Coming Down the Mountain
USA | Wednesday, 14 May 2014 | Views [150] | Scholarship Entry
I pick myself up sideways, I think; vertigo’s genius is in deceit. Processing what’s just happened, I find my feet and stand. The wind is violent, thrashing snow about in cyclones, and piercing the small patches of exposed skin on my face that exist between my beard and goggles. A fierce throbbing shoots through my entire left side as I pull myself out of this damned hole, this wind crevasse. I examine the flipped snowmobile below: it lays in a snowy coffin wedged between an ice wall and a cornice formed by last night’s blizzard.
It's just another day's commute from my mountain heaven. I'm a seasoned cabin dweller in my third winter, which also makes me a robust shoveler. So I proceed, unclipping my pack and sliding it off one arm at a time, wincing slightly from just having been pancaked against the embankment. I swing my pack off, skis attached, and pull out my shovel.
My own haziness from the jarring crash is fading. Still, everything is white and wind dictates the world as chaos whirling, like standing smack center in a blender. I continue digging the trench. Snow whips off the top of the wind drift that sent me flying, looking no different from an ocean wave paused and frozen, posing, proud to hold it’s form. I hadn’t seen it at all, not even an outline of it’s 6 six foot stature before it lifted my sled vertical and tossed me aside.
It’s early. The first signs of sun shine low near the ridge line to the East providing a dull but even light. I grip the hood and pull back with my entire body and the sled props upright. “Come on,” I whisper in a yell against the wind, petting the hood, “third pull.” She always starts on the third pull.
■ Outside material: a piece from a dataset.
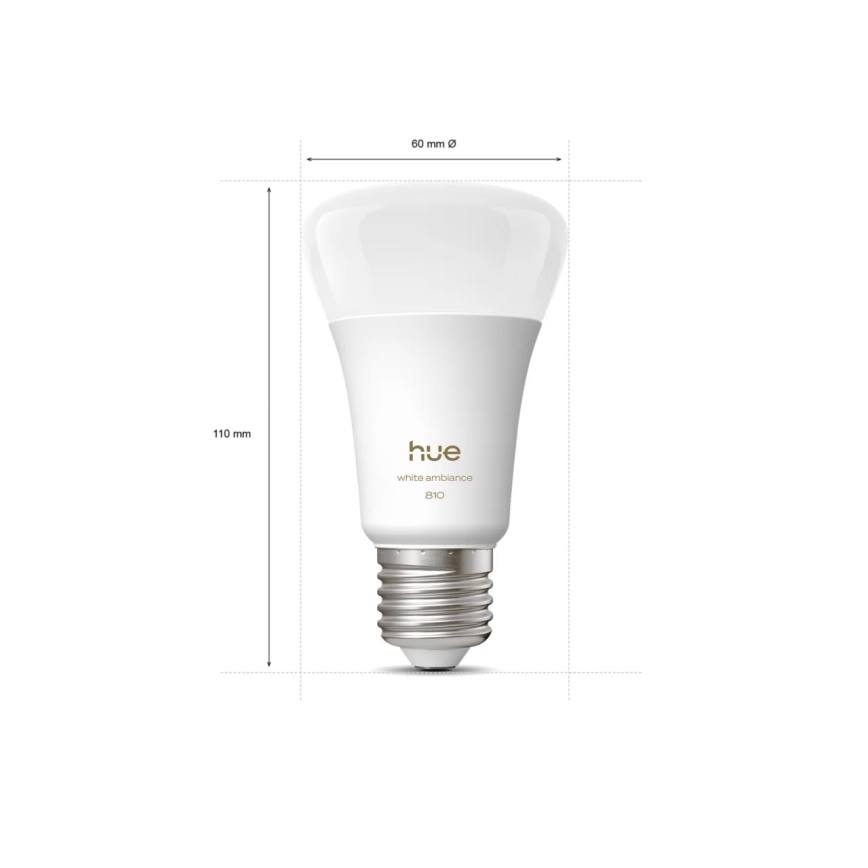 Setti 4 kpl himmennettäviä Philips Hue White Ambiance -LED-lamppuja E27/6W/230V 1000–20000K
I’m praying now that she’s still intact so I can get the hell off this pass.
Second pull, oh sweet gal, she fires right up with the harmonious wail of a two-stroke engine. I eye my line over the next wind drift, rev the throttle, and pin it. Punching over the successive drifts, nearly bucking myself off, I make it to the leeward side of the pass. It’s eerily calm now. I fly down the mountain, park my sled at the gate, and run towards the bus stop.
Somehow it is calm and sunny in town. I walk into the bakery an hour late for work, skis on my back and icicles still hanging from my beard. Paul turns, laughing at my wintered state. “Everest is that way, dude," pointing far. "How the hell did you end up here?”
“How did I end up here?” I pause, look down at my ski boots, and back up, “I took the bus.”